# What the task requires:
With pictures left out, only the lines from the one containing "ELLITTICA TOORX ERX-3500 LINEA VERTICAL" through the end of the records should be reproduced exactly, please.

--- Dataset content ---

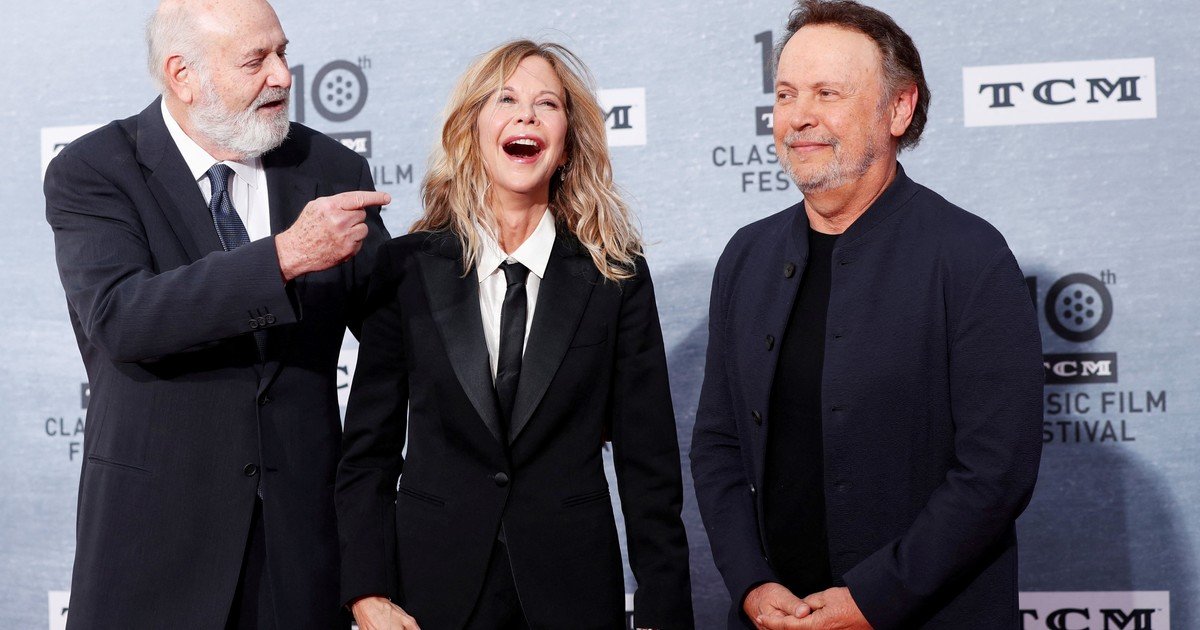 Conmoción por la muerte del director Rob Reiner: "Fue el genio de gran corazón detrás de las historias clásicas que amamos"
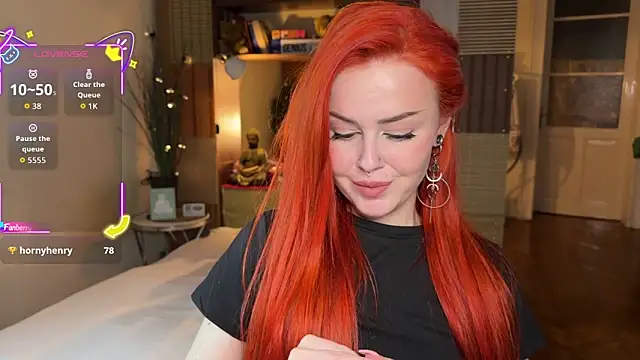 Sargonium999 online show from April 18, 2026, 7:58 pm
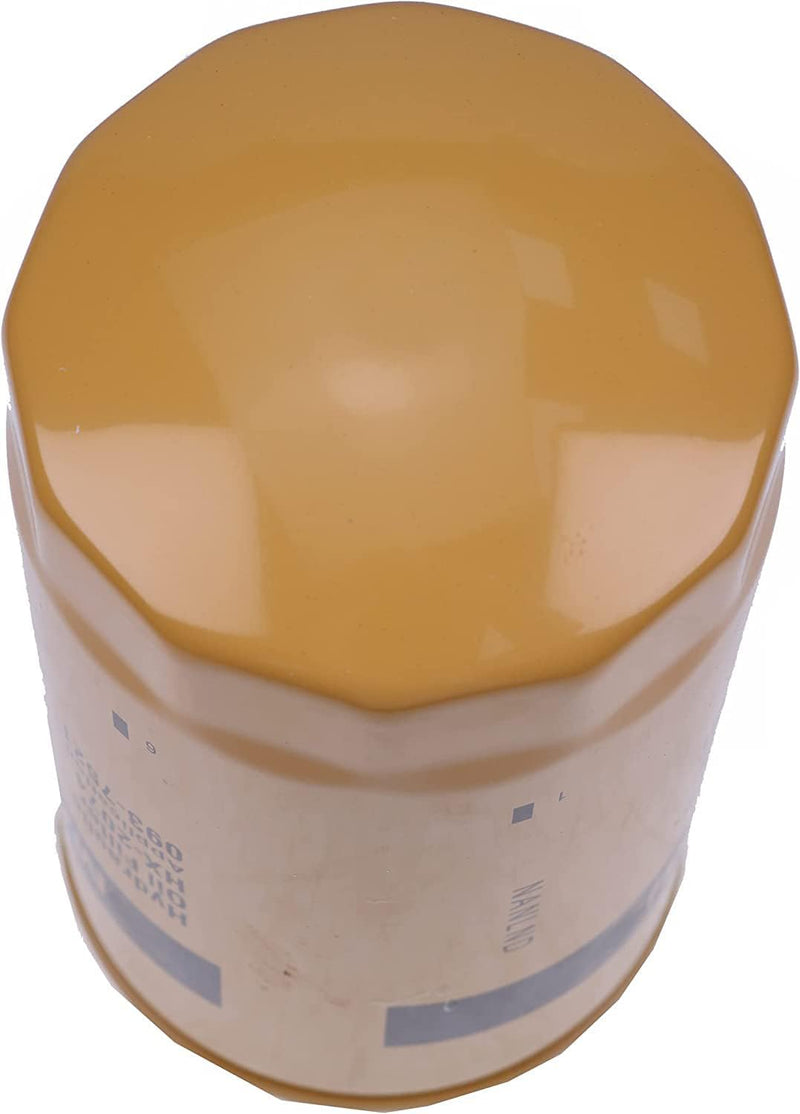Hydraulic Filter D8NNB486CA D6NNB486A D8NNB486EA Compatible with Tractors 2600 3600 4100 4600 5600 6600 8630 345C 345D 445A 545 545C+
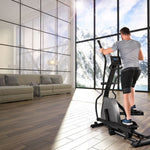 ELLITTICA TOORX ERX-3500 LINEA VERTICAL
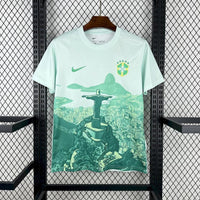 Brazil Concept Shirt 2025-26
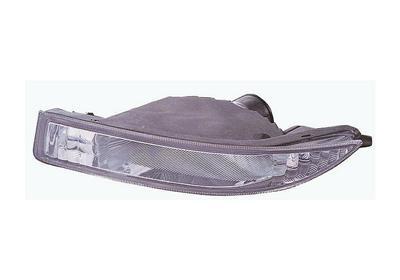 Toyota Corolla 2002-2004 sedan Mistlamp Links (Mistlampen), Auto-onderdelen, Verlichting, Nieuw, Verzenden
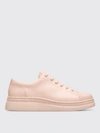 Camper Women's Runner Up Sneakers Women's Shoes In Nude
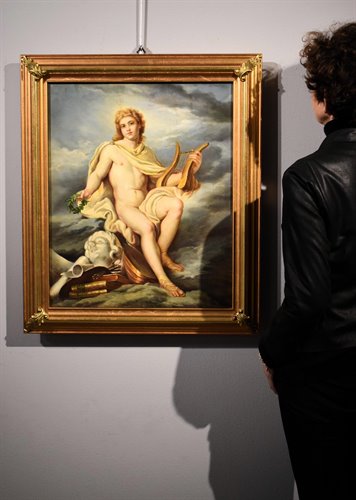 "Apollo"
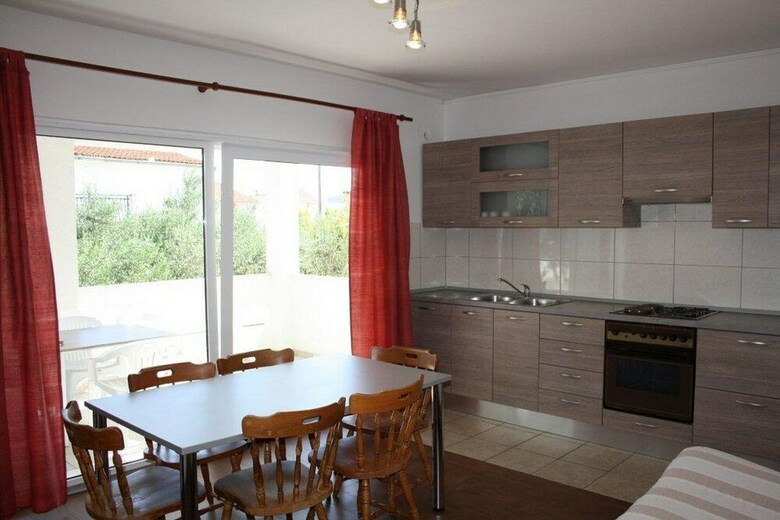 Apartments Anita Vodice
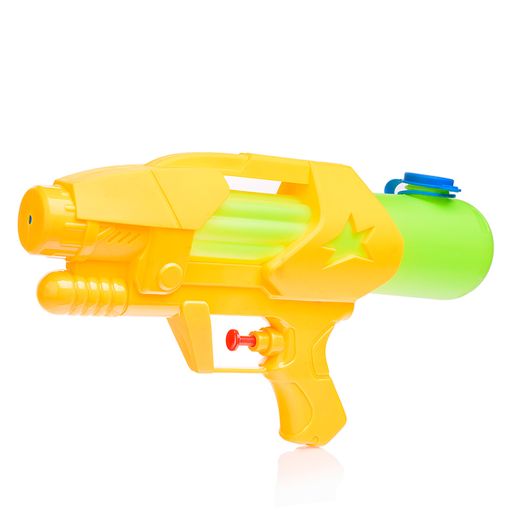 Водный пистолет "Warfare" в пакете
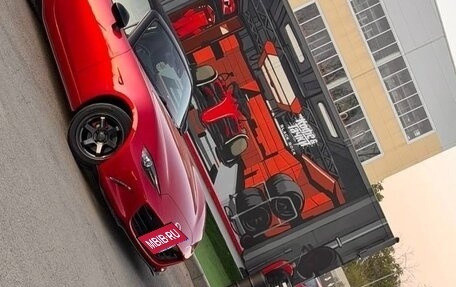 Mazda Roadster IV (ND), 2016 год, 2 500 000 рублей, 33 фотография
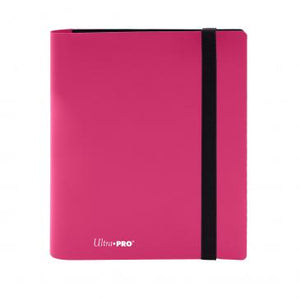 Ultra Pro 4-Pocket Pro-Binder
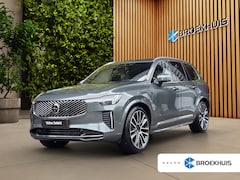 Volvo XC90 - 2.0 T8 Plug-in hybrid AWD Ultra Bright Exec. Ed. | Bowers & Wilkins audiosysteem | Elektri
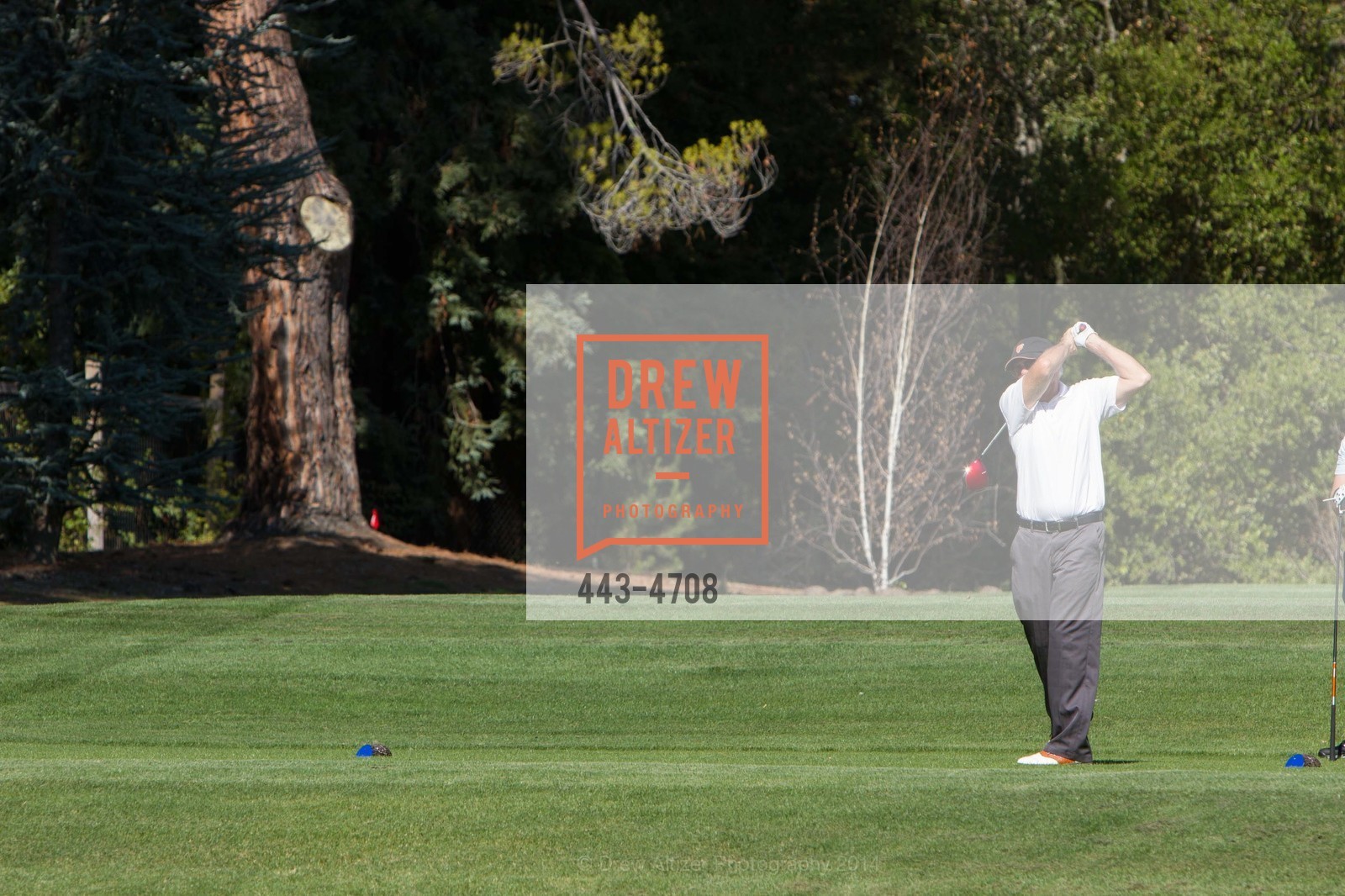 Chris Dunn, SEQUOIA HOSPITAL FOUNDATION'S 30th Invitational Golf Tournament, US, September 8th, 2014, Photo #443-4708 Chris Dunn, Photo #443-4708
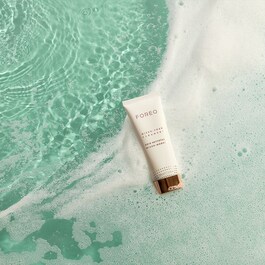 Micro-Foam Cleanser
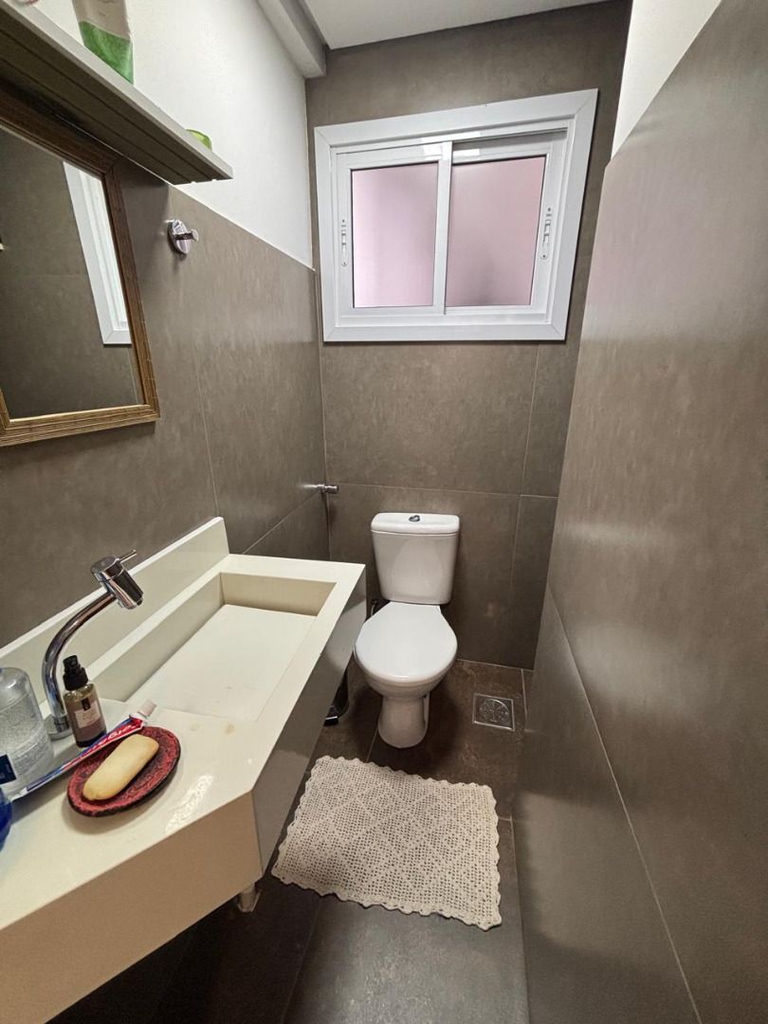 Apartamento para venda no bairro Rio Branco em Porto Alegre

---

# Written answer:
 ELLITTICA TOORX ERX-3500 LINEA VERTICAL
 Brazil Concept Shirt 2025-26
 Toyota Corolla 2002-2004 sedan Mistlamp Links (Mistlampen), Auto-onderdelen, Verlichting, Nieuw, Verzenden
 Camper Women's Runner Up Sneakers Women's Shoes In Nude
 "Apollo"
 Apartments Anita Vodice
 Водный пистолет "Warfare" в пакете
 Mazda Roadster IV (ND), 2016 год, 2 500 000 рублей, 33 фотография
 Ultra Pro 4-Pocket Pro-Binder
 Volvo XC90 - 2.0 T8 Plug-in hybrid AWD Ultra Bright Exec. Ed. | Bowers & Wilkins audiosysteem | Elektri
 Chris Dunn, SEQUOIA HOSPITAL FOUNDATION'S 30th Invitational Golf Tournament, US, September 8th, 2014, Photo #443-4708 Chris Dunn, Photo #443-4708
 Micro-Foam Cleanser
 Apartamento para venda no bairro Rio Branco em Porto Alegre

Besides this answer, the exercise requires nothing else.